3) Xiangjiao laughed and focused on the market in Hunan Province. Consumer awareness of the Xiangjiao Falilongjiang Soy Sauce series gradually increased.
There are many operating cards, strong resilience based on production capacity, and they are optimistic about the long-term logic of the company going through the cycle and steady increase in market share. We believe that the company's advantage is that it has sufficient operating license for multi-brand operations, rich management and team experience in the wine industry, and better team system and flexibility in response to adjustments. In the deep adjustment cycle of the industry, the company is based on sufficient production capacity layout to find breakthrough growth through successive product sequence additions, scenario extensions, and differentiated experiential marketing transformation. It is expected that it will consolidate its business foundation in the industry adjustment cycle and show greater flexibility as demand improves.

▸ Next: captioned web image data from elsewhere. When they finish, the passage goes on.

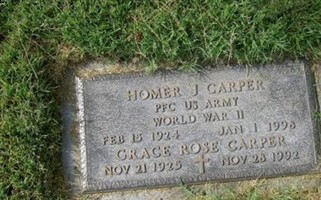 Homer J Carper Homer J Carper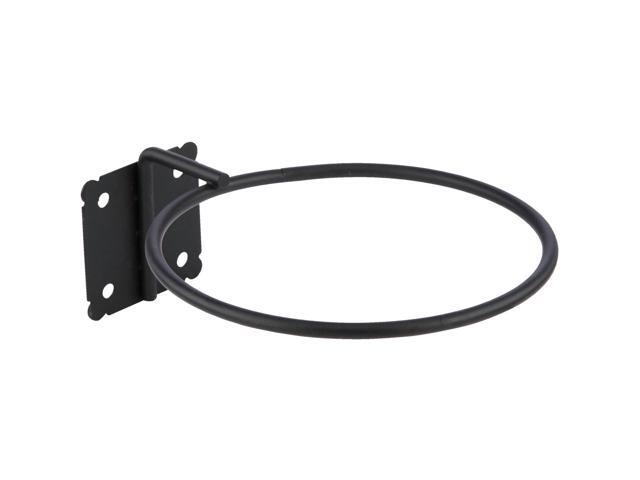 Panacea 6 In Black Powder-Coated Wrought Iron Flower Pot Ring 89066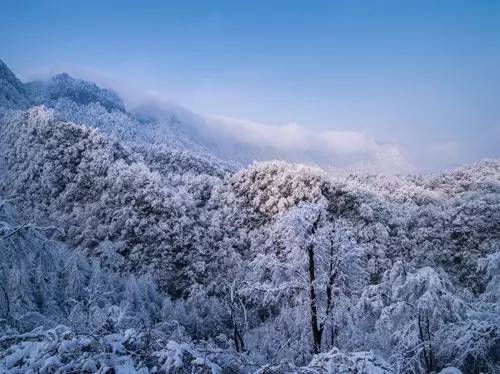 四川最美十大适合玩雪的地方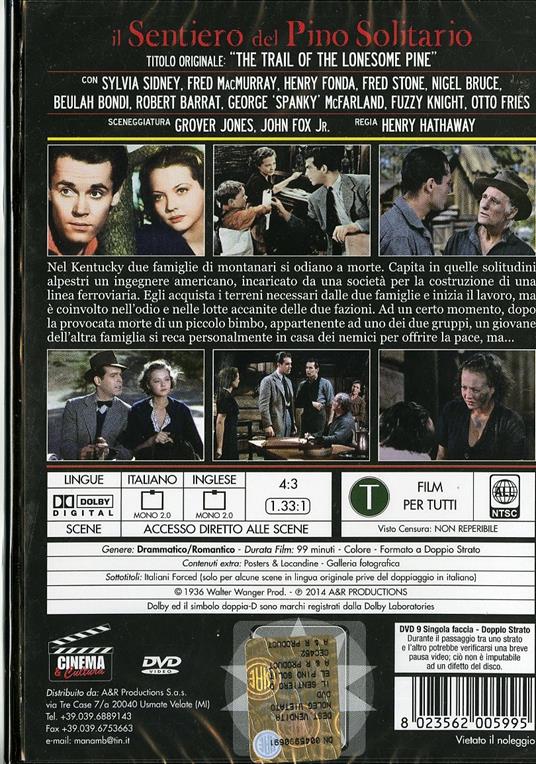 Il sentiero del pino solitario di Henry Hathaway - DVD - 3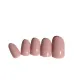 Loca Small Nails #N1 Oval Shape Pink Color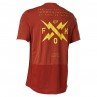 KOSZULKA ROWEROWA FOX RANGER DR CALIBRATED RED CLAY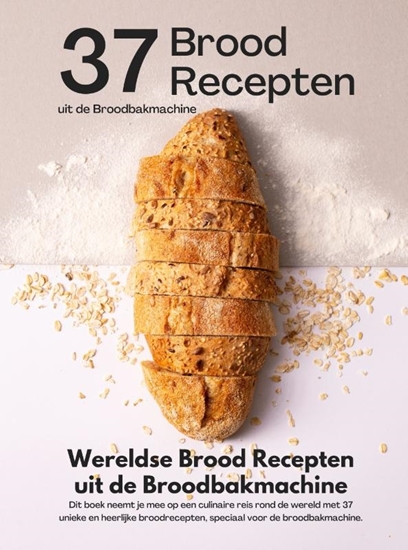 Afbeelding van Wereldse brood recepten uit de broodbakmachine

Profit forecast and investment advice: We believe that the company's clear positioning of the brand, its strategic determination is long-term and firm, that it focuses on the space for optimizing the pattern of leading soy wine brands, and that the collaborative development of multiple brands is more resistant to risk. We expect the company's 2025-2026 revenue to be 7.103/7.582 billion yuan, up 0.5%/6.7% year on year, respectively. We expect adjusted net profit to mother of 1.644/1.814 billion yuan under 2025-2026 Non-Gaap, respectively, -1.9%/+10.3% year over year, respectively, maintaining the “Highly Recommended” rating.
Risk warning: Terminal inventories fall short of expectations; consumer consumption recovery falls short of expectations; industry competition intensifies; macroeconomic downside risks, etc.